The very notion of big data defines data, whatever that is by its being big whatever that is.  The abstraction of fields in records, or by the combined size or perhaps utilizing statistical distribution of the values in those fields only exacerbates the ambiguity.  Qualifying order of magnitude numbers is difficult enough as they go above the countable range, but with format or structural changes or codec the same data can vary enormously in size.

In practice big data practitioners typically resort to raw amount of total space utilized.  If this sounds at all reasonable please consider the following.  Given that I could take three hundred gallons to paint my house, one could derive drastically different conclusions.  On the one hand, this figure could indicate that I am the owner of the possibly the largest and most expensive property in my city.  On the other hand, it could indicate a terrible painter.

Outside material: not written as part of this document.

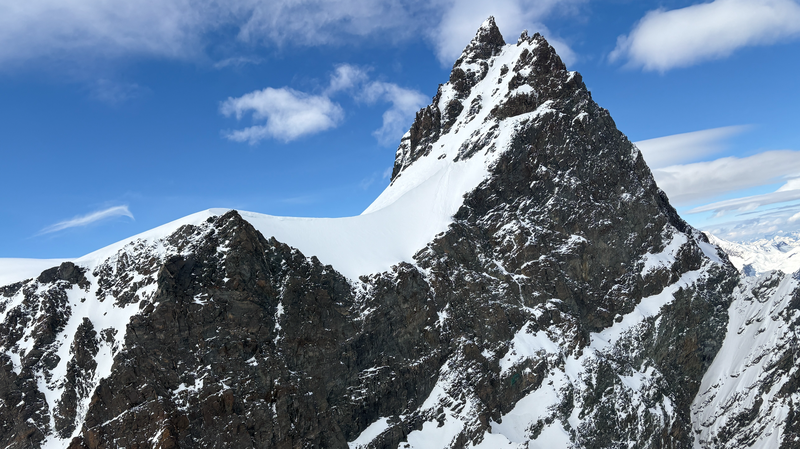 Tragedy in the Alps: 6 Lives Lost in Swiss Mountain Accidents 🏔️ Tragedy in the Alps: 6 Lives Lost in Swiss Mountain Accidents 🏔️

I have claimed and we can reasonably deduce that the meta data in any big data system is a good multiple of the resources of original data.  Of the big data technology stack one feature regularly presents itself is opportunity to tune performance or coverage against resource allocation.  This sounds reasonable on the surface as in practice decisions result in significant quantities of resources, but what if the base line cost is not very reasonable.

I examine some actual numbers in the performance section but insofar the a la cart approach used in most big data installations are inefficient in contrast to a wholistic approach of Eureka then the opportunity to pare down expensive options represents the illusion of economy.